Hector remarqua alors que Boris bougeait les mains d’une manière plus que bizarre, comme s’il allait les replier pour les glisser hors des menottes. Il lança le bébé dans les bras de Zoya pour se ruer vers le gamin, reste tranquille nom de dieu de merde espèce de petit con d’assassin de ton père.

– Papâââ ?

– Oui, mon fils, c’est moi, c’est Papa. Ça va aller.

– Elohim, Elohim, lamma sabachtani?

Hector jeta un oeil interrogatif à Olga, que racontait donc son frère ? La gamine prit l’air de garce épanouie qu’elle affichait lorsque sa mère lui achetait une de ces affreuses robes roses de princesse en dentelles et tissu plastique à quinze euros et rétorqua.

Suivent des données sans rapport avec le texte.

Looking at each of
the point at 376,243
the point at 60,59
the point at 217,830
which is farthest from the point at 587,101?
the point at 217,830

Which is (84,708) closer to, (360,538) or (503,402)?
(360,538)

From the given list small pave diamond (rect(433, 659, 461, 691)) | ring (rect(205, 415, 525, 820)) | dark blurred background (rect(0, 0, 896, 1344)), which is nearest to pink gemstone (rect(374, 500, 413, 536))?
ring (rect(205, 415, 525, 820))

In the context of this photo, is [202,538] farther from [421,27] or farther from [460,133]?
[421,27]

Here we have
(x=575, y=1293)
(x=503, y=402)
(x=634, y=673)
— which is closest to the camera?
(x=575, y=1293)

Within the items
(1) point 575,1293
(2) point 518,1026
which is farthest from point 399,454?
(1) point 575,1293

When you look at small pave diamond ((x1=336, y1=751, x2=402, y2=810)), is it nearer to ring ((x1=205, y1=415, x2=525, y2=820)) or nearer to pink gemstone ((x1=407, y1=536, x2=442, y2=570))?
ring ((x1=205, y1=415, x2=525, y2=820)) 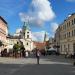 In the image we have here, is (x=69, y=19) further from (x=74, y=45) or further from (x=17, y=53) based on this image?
(x=17, y=53)

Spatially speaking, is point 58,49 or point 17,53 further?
point 58,49

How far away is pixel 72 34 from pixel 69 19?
5.54 m

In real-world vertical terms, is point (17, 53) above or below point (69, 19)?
below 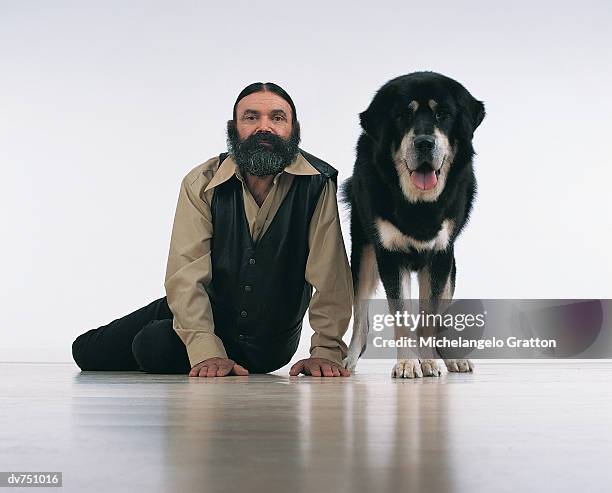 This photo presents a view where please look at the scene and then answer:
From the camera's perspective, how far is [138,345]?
3.06 metres

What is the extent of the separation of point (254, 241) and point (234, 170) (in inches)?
9.6

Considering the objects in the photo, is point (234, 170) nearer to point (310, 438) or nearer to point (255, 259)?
point (255, 259)

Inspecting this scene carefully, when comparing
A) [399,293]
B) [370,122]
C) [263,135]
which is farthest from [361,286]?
[263,135]

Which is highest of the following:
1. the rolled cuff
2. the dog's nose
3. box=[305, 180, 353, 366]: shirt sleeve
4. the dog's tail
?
the dog's nose

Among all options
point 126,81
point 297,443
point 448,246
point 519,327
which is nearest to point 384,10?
point 126,81

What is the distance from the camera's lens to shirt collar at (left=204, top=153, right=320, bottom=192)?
9.57 ft

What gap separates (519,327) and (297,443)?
12.0 ft

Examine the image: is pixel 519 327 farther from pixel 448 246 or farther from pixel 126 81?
pixel 126 81

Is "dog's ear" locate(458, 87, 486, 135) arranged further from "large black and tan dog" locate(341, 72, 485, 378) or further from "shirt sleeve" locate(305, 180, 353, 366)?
"shirt sleeve" locate(305, 180, 353, 366)

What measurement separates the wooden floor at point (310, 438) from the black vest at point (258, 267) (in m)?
0.61

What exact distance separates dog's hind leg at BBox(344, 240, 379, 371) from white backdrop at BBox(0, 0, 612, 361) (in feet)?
12.7

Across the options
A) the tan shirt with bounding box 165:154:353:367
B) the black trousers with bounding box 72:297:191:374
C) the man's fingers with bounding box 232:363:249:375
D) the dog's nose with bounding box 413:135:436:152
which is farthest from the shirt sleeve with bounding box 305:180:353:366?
the black trousers with bounding box 72:297:191:374

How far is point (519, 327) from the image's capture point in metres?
4.64

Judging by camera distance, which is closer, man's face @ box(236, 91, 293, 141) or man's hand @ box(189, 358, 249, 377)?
man's hand @ box(189, 358, 249, 377) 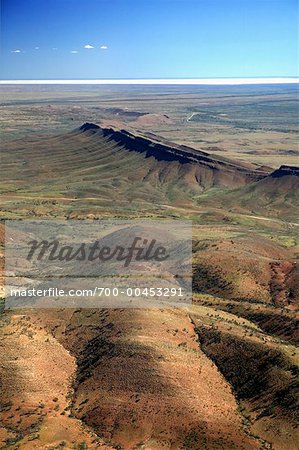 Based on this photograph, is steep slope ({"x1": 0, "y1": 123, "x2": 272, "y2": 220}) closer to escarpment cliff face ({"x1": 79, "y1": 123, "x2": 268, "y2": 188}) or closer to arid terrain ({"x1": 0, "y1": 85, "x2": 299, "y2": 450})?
escarpment cliff face ({"x1": 79, "y1": 123, "x2": 268, "y2": 188})

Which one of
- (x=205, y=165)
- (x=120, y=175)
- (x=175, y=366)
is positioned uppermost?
(x=205, y=165)

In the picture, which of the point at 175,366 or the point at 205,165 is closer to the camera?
the point at 175,366

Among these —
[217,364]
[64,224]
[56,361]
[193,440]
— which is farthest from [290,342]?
[64,224]

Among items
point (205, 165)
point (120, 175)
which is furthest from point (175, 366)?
point (120, 175)

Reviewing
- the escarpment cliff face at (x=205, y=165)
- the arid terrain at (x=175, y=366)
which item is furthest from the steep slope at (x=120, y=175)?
the arid terrain at (x=175, y=366)

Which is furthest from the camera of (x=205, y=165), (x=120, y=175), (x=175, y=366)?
(x=120, y=175)

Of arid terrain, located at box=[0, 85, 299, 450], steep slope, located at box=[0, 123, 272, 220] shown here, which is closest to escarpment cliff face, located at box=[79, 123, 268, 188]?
steep slope, located at box=[0, 123, 272, 220]

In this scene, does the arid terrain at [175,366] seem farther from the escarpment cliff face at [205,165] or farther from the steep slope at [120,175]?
the escarpment cliff face at [205,165]

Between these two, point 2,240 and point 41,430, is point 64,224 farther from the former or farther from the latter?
point 41,430

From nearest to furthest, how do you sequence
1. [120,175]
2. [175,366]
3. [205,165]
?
[175,366]
[205,165]
[120,175]

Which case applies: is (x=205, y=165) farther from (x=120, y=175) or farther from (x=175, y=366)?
(x=175, y=366)

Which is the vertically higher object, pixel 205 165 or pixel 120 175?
pixel 205 165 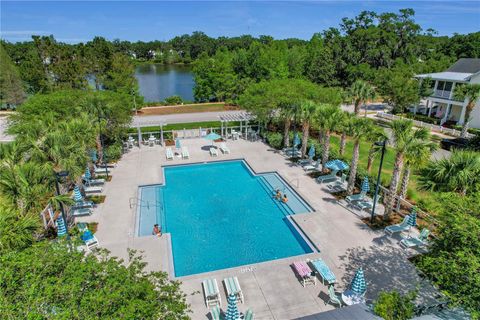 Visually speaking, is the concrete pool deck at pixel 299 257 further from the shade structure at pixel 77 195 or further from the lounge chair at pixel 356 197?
the shade structure at pixel 77 195

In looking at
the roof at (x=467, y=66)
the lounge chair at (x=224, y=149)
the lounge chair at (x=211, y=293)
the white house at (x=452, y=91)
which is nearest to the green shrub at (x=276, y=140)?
the lounge chair at (x=224, y=149)

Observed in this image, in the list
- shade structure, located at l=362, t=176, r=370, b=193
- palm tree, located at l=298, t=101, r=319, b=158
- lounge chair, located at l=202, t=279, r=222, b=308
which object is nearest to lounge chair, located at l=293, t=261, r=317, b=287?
lounge chair, located at l=202, t=279, r=222, b=308

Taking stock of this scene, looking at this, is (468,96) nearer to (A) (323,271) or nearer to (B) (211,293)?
(A) (323,271)

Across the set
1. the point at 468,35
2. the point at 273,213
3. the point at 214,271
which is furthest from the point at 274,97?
the point at 468,35

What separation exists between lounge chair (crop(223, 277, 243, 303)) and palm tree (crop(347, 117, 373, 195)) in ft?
35.1

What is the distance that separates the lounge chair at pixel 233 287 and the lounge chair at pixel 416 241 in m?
8.51

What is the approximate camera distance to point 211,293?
39.4ft

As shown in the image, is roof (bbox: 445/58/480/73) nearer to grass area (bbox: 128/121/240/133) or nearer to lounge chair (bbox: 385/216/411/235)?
grass area (bbox: 128/121/240/133)

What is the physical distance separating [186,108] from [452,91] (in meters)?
35.5

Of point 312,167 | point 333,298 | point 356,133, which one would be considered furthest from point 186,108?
point 333,298

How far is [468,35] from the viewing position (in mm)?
72125

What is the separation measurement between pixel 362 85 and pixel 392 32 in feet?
111

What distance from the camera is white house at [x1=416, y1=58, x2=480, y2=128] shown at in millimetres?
36344

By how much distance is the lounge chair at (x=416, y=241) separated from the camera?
49.2 ft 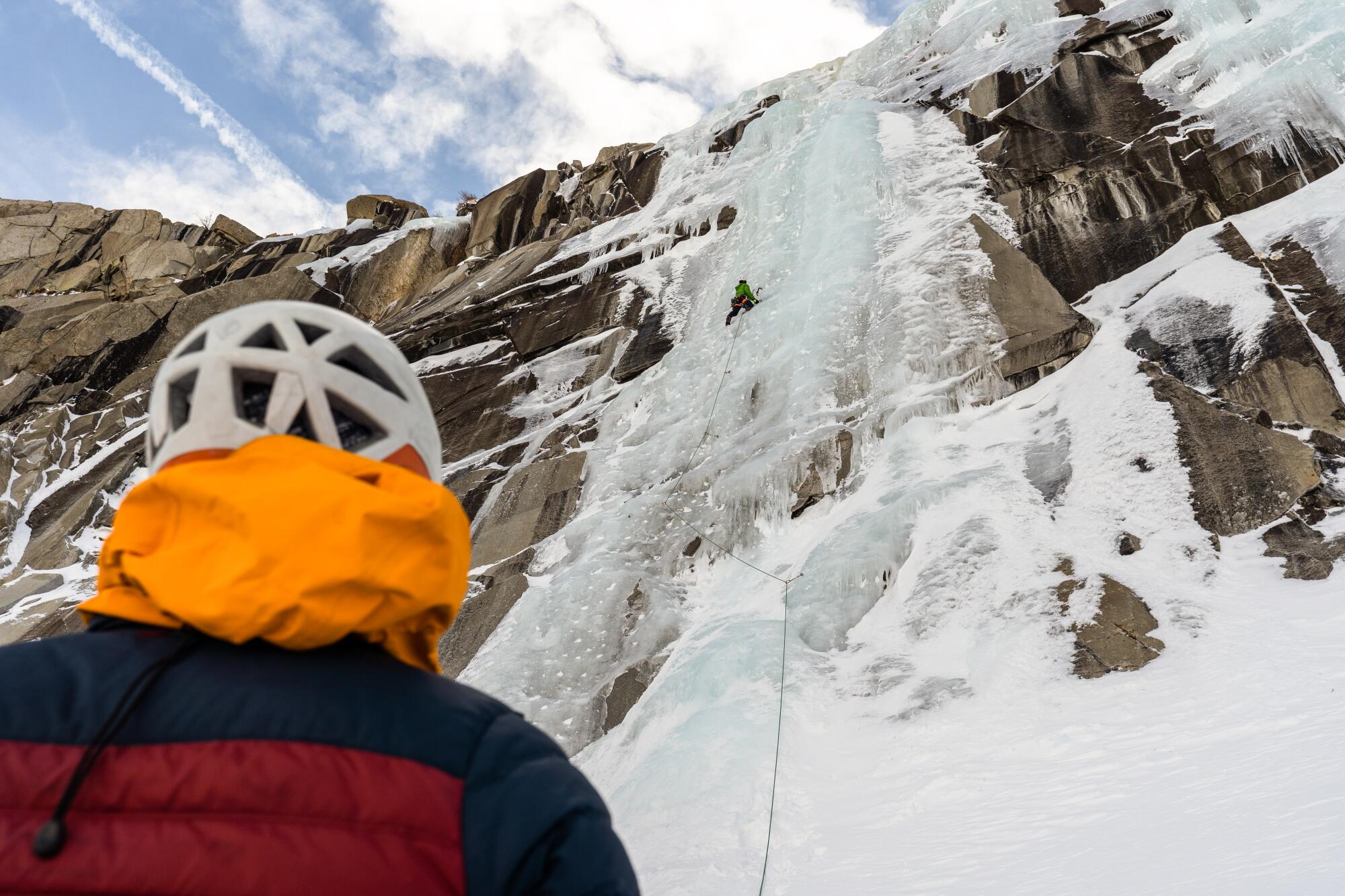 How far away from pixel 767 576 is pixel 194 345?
25.8 feet

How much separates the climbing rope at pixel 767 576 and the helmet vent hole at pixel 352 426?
410 centimetres

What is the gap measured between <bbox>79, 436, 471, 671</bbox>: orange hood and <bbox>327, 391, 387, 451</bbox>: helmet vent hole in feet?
0.54

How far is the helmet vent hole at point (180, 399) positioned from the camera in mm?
1248

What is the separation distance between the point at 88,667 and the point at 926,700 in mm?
6150

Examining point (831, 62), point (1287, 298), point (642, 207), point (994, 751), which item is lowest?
point (994, 751)

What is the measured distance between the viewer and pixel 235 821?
2.96 feet

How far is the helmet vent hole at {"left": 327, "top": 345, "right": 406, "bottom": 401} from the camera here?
1353mm

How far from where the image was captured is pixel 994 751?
534 cm

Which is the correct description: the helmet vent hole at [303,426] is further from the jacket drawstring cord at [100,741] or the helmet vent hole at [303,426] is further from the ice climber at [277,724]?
the jacket drawstring cord at [100,741]

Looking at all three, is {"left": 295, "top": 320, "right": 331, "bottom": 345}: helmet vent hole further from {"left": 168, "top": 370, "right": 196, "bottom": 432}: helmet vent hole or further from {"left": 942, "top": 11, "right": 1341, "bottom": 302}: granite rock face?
{"left": 942, "top": 11, "right": 1341, "bottom": 302}: granite rock face

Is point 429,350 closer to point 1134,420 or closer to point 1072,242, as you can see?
point 1072,242

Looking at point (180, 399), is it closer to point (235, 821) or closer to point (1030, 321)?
point (235, 821)

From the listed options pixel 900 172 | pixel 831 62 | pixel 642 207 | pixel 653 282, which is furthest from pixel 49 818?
pixel 831 62

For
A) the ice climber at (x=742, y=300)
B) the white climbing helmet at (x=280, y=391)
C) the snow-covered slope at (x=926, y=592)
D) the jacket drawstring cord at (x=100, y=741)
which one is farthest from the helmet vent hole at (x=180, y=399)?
the ice climber at (x=742, y=300) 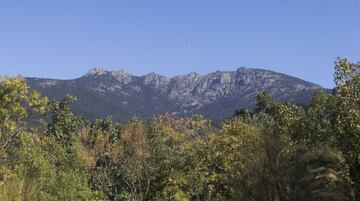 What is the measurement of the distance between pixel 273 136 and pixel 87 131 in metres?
49.3

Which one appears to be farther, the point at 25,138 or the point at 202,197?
the point at 202,197

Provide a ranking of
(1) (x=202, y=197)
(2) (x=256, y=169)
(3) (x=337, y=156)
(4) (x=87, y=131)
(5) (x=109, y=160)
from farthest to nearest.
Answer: (4) (x=87, y=131), (5) (x=109, y=160), (1) (x=202, y=197), (2) (x=256, y=169), (3) (x=337, y=156)

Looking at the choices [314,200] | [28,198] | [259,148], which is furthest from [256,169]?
[28,198]

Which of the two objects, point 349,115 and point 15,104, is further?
point 15,104

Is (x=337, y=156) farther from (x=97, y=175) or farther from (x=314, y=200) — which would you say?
(x=97, y=175)

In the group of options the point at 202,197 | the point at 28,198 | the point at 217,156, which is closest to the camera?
the point at 28,198

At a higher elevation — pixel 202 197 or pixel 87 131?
pixel 87 131

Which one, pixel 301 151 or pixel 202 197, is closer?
pixel 301 151

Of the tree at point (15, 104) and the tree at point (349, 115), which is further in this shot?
the tree at point (15, 104)

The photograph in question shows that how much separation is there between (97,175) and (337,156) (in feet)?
128

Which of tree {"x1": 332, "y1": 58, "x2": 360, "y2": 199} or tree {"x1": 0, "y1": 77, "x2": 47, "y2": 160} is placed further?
tree {"x1": 0, "y1": 77, "x2": 47, "y2": 160}

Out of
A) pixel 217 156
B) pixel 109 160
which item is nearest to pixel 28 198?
pixel 217 156

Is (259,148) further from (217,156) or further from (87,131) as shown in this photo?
(87,131)

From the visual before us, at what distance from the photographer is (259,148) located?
28.8 m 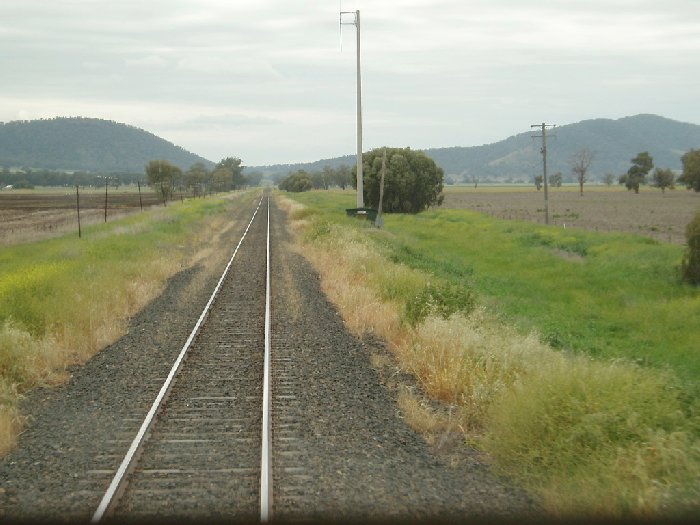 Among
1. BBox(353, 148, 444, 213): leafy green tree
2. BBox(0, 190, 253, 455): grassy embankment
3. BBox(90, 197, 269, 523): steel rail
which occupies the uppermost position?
BBox(353, 148, 444, 213): leafy green tree

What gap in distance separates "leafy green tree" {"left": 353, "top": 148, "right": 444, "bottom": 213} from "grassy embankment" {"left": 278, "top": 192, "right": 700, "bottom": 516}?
36.0 metres

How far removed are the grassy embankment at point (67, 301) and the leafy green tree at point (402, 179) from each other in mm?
36093

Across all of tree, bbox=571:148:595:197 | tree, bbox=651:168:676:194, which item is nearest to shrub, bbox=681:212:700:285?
tree, bbox=571:148:595:197

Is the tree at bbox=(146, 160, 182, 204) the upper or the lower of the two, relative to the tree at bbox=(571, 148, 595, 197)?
lower

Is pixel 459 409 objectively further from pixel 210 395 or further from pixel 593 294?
pixel 593 294

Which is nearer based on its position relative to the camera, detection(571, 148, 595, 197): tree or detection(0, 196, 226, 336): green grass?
detection(0, 196, 226, 336): green grass

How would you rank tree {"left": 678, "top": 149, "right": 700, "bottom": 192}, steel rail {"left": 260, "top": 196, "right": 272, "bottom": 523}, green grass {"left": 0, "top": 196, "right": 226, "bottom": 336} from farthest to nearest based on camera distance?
tree {"left": 678, "top": 149, "right": 700, "bottom": 192}, green grass {"left": 0, "top": 196, "right": 226, "bottom": 336}, steel rail {"left": 260, "top": 196, "right": 272, "bottom": 523}

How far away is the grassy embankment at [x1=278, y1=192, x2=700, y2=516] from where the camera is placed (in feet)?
21.5

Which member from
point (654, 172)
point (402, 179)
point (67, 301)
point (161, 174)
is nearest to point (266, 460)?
point (67, 301)

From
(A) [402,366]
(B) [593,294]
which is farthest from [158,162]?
(A) [402,366]

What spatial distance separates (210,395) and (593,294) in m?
15.8

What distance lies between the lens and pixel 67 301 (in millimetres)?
15727

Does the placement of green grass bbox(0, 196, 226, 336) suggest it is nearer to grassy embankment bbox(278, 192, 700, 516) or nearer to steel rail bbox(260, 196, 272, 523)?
steel rail bbox(260, 196, 272, 523)

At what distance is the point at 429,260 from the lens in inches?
1141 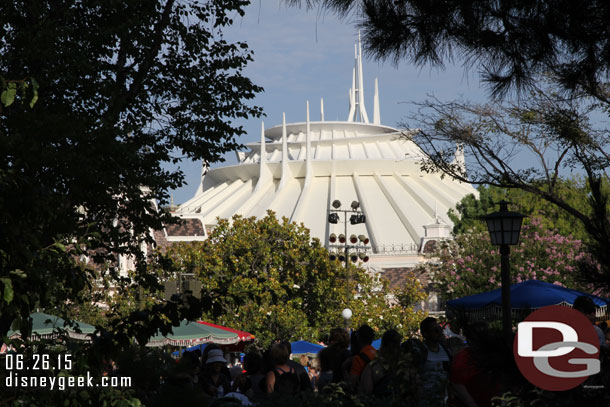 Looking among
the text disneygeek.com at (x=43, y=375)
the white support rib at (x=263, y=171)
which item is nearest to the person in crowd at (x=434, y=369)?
the text disneygeek.com at (x=43, y=375)

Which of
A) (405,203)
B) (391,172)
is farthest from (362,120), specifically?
(405,203)

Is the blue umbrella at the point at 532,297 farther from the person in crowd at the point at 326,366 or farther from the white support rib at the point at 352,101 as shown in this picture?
the white support rib at the point at 352,101

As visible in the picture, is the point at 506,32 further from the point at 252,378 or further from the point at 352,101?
the point at 352,101

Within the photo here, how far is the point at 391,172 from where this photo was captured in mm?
92312

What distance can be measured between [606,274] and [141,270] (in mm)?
10016

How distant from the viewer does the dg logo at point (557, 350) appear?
3051 mm

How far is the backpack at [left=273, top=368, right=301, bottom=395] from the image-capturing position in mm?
7770

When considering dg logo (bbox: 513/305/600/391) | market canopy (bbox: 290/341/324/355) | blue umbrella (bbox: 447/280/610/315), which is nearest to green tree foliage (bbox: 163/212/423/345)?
market canopy (bbox: 290/341/324/355)

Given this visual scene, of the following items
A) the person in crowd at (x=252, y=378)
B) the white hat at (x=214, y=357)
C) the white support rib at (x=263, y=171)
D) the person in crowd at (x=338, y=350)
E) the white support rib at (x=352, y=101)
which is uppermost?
the white support rib at (x=352, y=101)

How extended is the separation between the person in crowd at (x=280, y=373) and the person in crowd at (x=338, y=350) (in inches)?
25.4

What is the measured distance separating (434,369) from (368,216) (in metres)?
73.5

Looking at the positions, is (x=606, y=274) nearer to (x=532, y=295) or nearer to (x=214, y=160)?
(x=214, y=160)

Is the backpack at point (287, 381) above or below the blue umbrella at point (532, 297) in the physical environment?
below

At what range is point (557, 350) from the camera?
336cm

– Voyons Papa, il s’agit du fameux cri de détresse et de désespoir poussé par Jésus sur la croix, Mon Dieu, mon Dieu, pourquoi m'as-tu abandonné ?

– Olga, tu as cinq ans !!!!!!

–Ce n'est pas l'âge qui procure la sagesse, Ce n'est pas la vieillesse qui rend capable de juger.

– Hein ?

– Le livre de Job, Daddy.

Hector sentait sa volonté s’effondrer. C’était son tour, comme Zoya auparavant. Ses enfants étaient là, il devait les libérer, se sacrifier pour eux. Il s'entedit répondre avec une voix de robot.

–Les sacrifices qui sont agréables à Dieu, c'est un esprit brisé. O Dieu! tu ne dédaignes pas un cœur brisé et contrit.

Hector avait enfin compris : ce n’était pas le Cauchemar, c’était juste la Vérité. Il allait ouvrir la porte, accueillir les amis de son fils, leur proposer de s’amuser, un peu. Qu’importe. Qui était-il pour lutter contre la destinée ?

Zoya tenait Bébé Simon dans les bras et avait retrouvé ses esprits, que se passait-il ? Elle voyait son mari occupé à ouvrir les différents verrous de la porte d’entrée. Elle avait repris pied et comprit : c’était le bébé, uniquement la présence de ce petit bébé dans ses bras qui lui permettait de résister à la pulsion.

Les gosses les attiraient dans le renoncement ! Aucun survivant n’avait pu témoigner de cette intense résignation qui les dévorait face aux yeux creux des petits, car aucun n’avait survécu.

Zoya jeta le bébé dans les bras d’Hector.